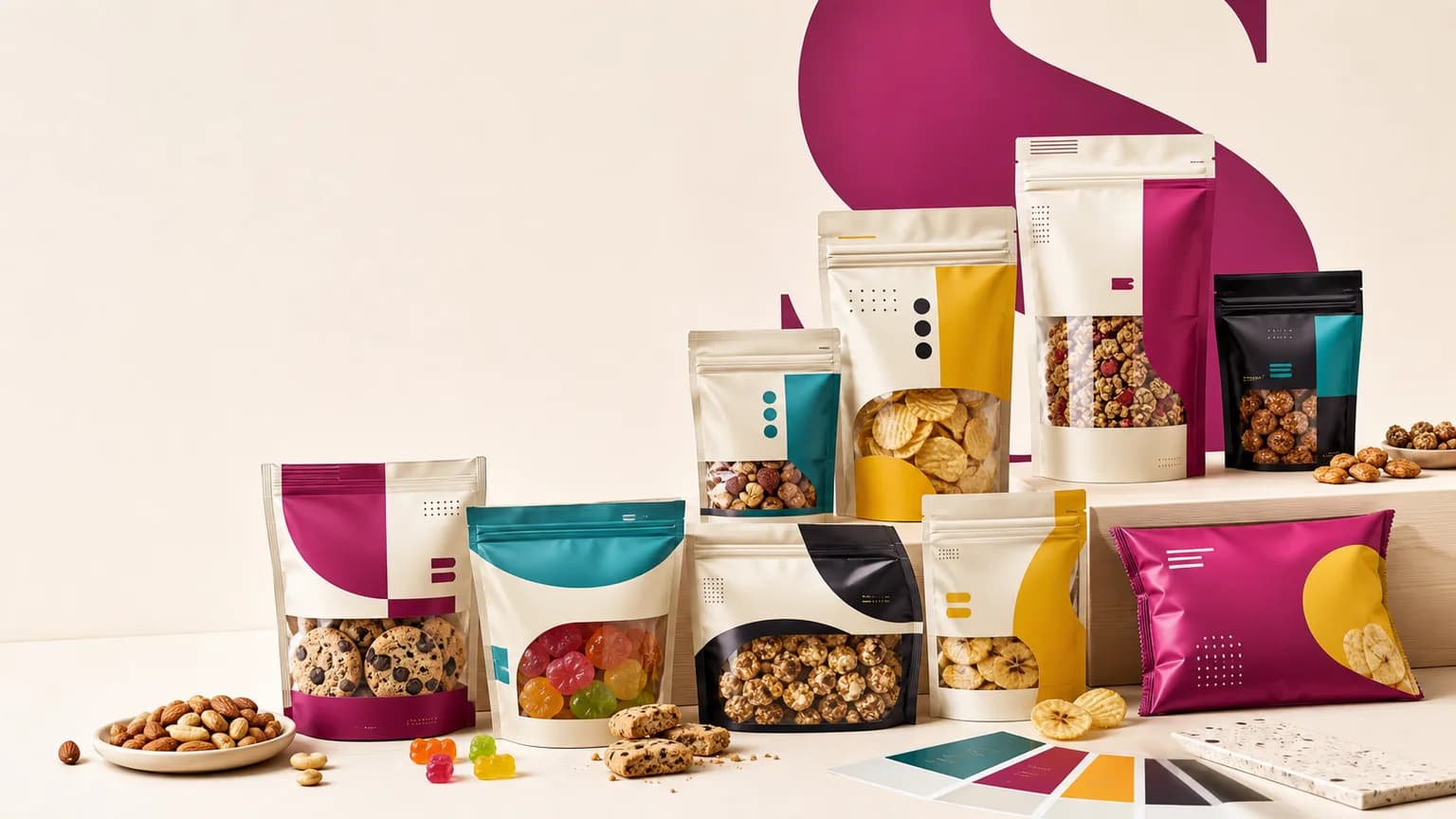 Custom stand-up pouches by Sparal Packaging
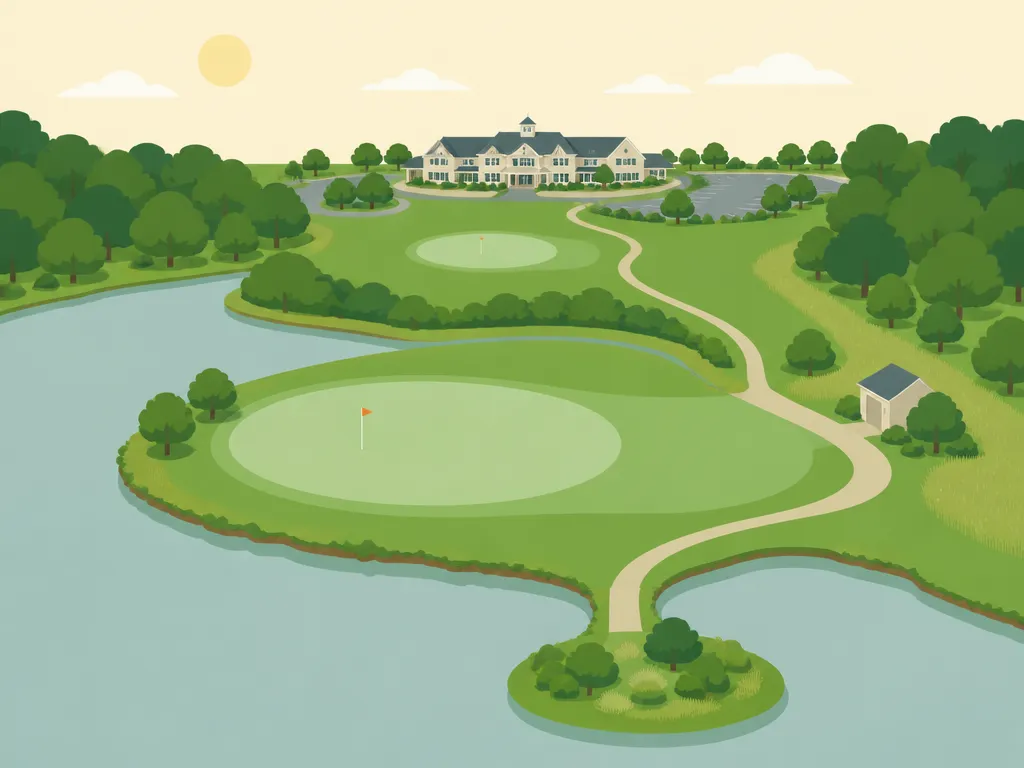 Illustration of Reddeman Farms Golf Club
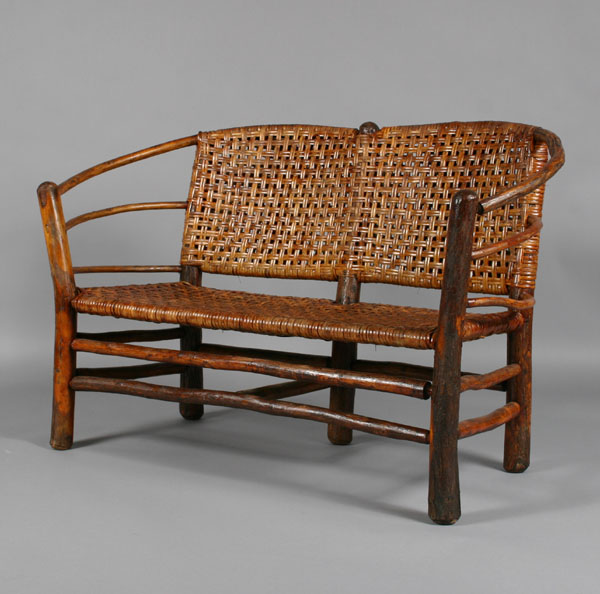 Old Hickory Martinsville settee,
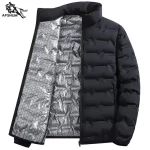 Men's Jacket Stand Collar mens Parka Winter New down jacket fleece Warm Jackets men business leisure coat baseball coats 96188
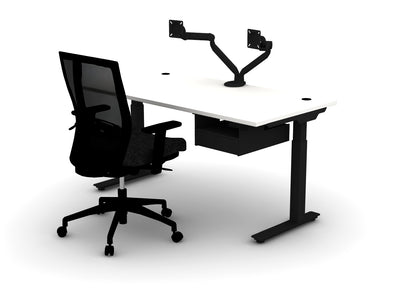 Luxe Office Bundle - Think Desk (sit to stand)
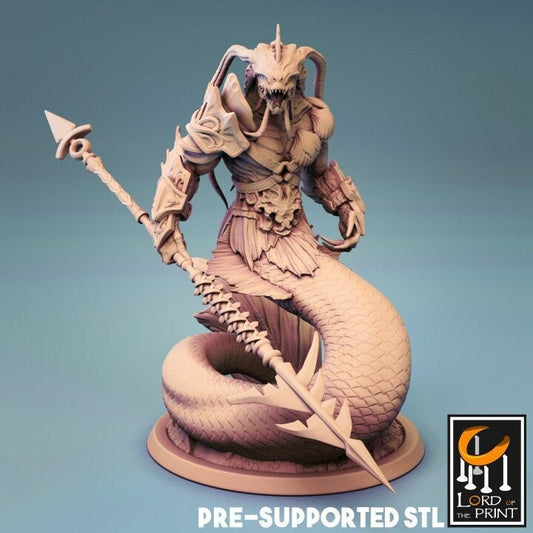 Triton, Lord of the Print | Dungeons and Dragons | Pathfinder | Table Top RPG | 3D Printed Model
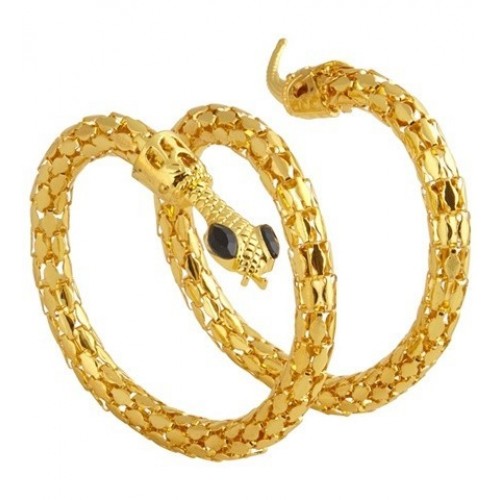 PULSERA SERPIENTE METAL ORO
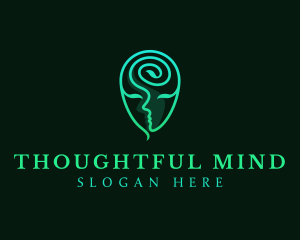 Mental Brain Wellness logo design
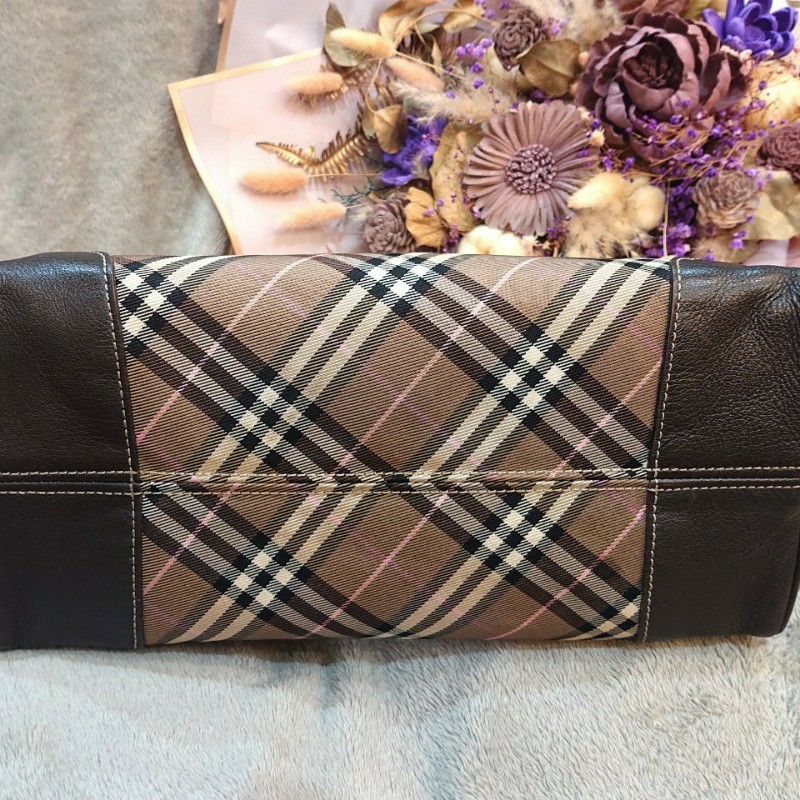 💕【正品】Burberry經典格紋波士頓肩背/手提包-4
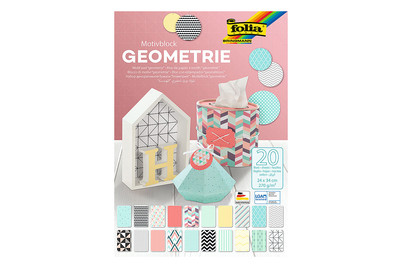 Image of Motivblock Geometrie 24 x 34 cm bei JUMBO
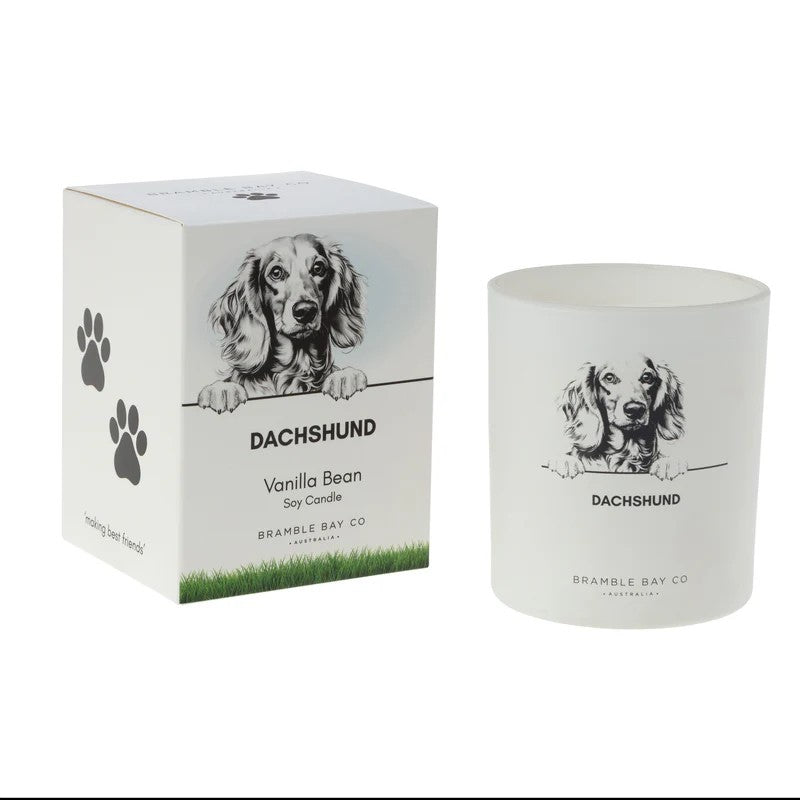 Bramble Bay Pet Candle- Dachshund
★ ★ ★ ★ ★ ★ ★
◆ TASK INSTRUCTIONS
Only lines from the one holding "Men's Jacket Stand" through the last line of the entries above are wanted, both ends included, each retyped exactly; no pictures.

◆ WRITTEN SOLUTION
 Men's Jacket Stand Collar mens Parka Winter New down jacket fleece Warm Jackets men business leisure coat baseball coats 96188
 Luxe Office Bundle - Think Desk (sit to stand)
 Triton, Lord of the Print | Dungeons and Dragons | Pathfinder | Table Top RPG | 3D Printed Model
 PULSERA SERPIENTE METAL ORO
 Mental Brain Wellness logo design
 💕【正品】Burberry經典格紋波士頓肩背/手提包-4
 Image of Motivblock Geometrie 24 x 34 cm bei JUMBO
 Bramble Bay Pet Candle- Dachshund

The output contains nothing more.